We have examined the pleadings and testimony in this case with great care. We agree with the chancellor in finding that Thomas Bragg’s intent in selling and conveying his property to Willis Bragg, his brother, and to Carson, his cousin, was fraudulent; and if he alone were concerned, we would not hesitate to declare the property subject to Pattison’s claim. — Borland v. Mayo, 8 Ala. 104; Marshall v. Croom, 52 Ala. 554; Cranford v. Kirksey, 55 Ala. 282; Hubbard v. Allen, 59 Ala. 283; Donegan v. Davis, 66 Ala. 362; Lehman v Kelly, 68 Ala. 192; Hodges v. Coleman, 76 Ala. 103. But the complainant in his bill called for a sworn discovery from the purchasers, and propounded to them searching interrogatories. Their answers are a very full denial of all knowledge on their part of Thomas Bragg’s fraudulent purpose, and of his indebtedness beyond what he provided for in his sale to them. They equally denied all participation in any and all fraudulent intent on the part of Thomas Bragg, if he entertained such intent. The testimony fails to overcome these denials, and it results that in this phase of the case complainant must fail.
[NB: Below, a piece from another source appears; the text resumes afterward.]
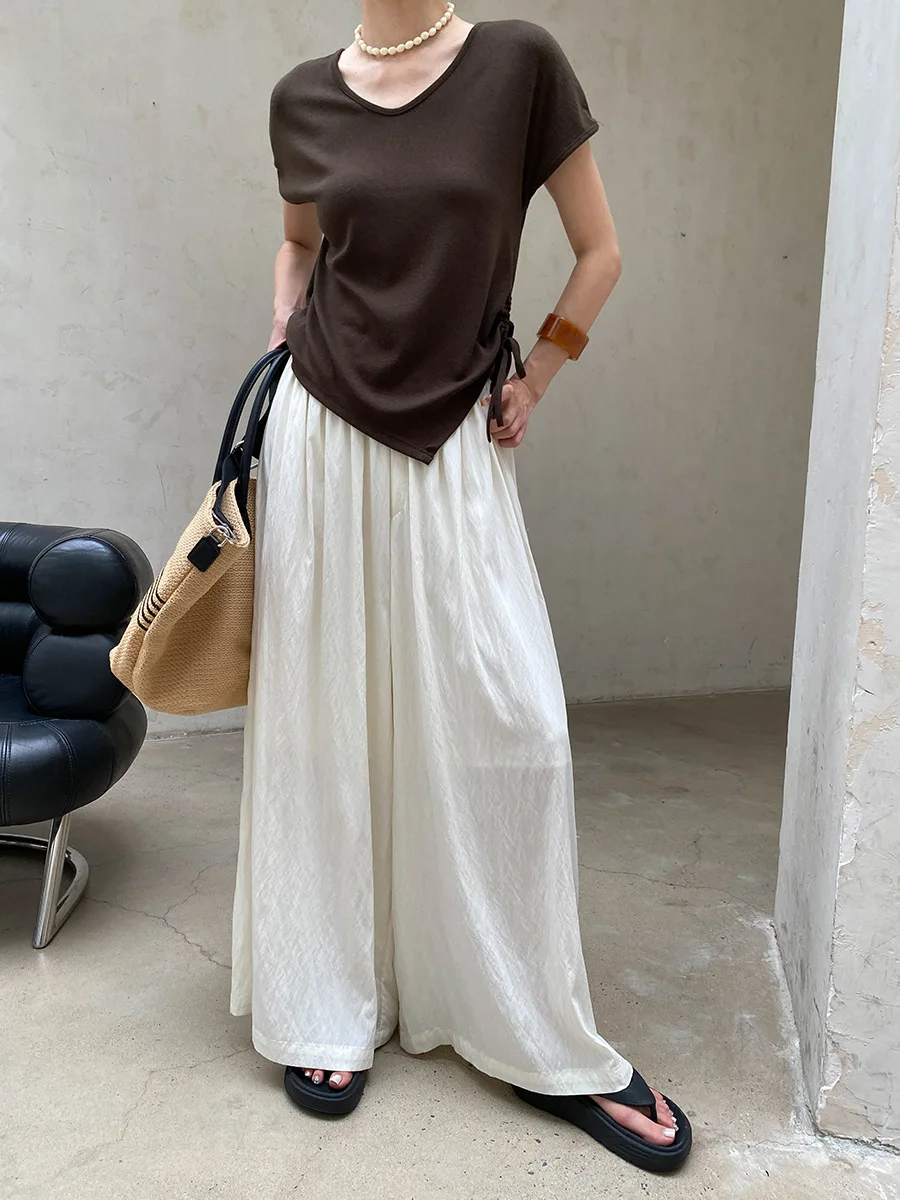 Sommerliches Damen-T-Shirt in unregelmäßiger Farbe mit unregelmäßigem Saum, Kordelzug, V-Ausschnitt und schlankmachendem Effekt, kurzärmelig. – Detail 18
It is contended here that, if complainant fails in this leading aspect of his case, then he is entitled to recover the amount of his claim out of the sixteen hundred dollars of purchase-money, which Willis Bragg and Carson owed when this bill was filed and process served on them. A sufficient answer to this contention is, that the bill contains neither averment nor prayer which could raise that issue, even if it be conceded such purpose could be conjoined with the main object of the bill. — Caldwell v. King, 76 Ala. 149; Coffey v. Norwood, 81 Ala. 512; Parsons v. Johnson, 84 Ala. 254; Shealy v. Edwards, 78 Ala. 176.
The decree of the chancellor is in all respects affirmed.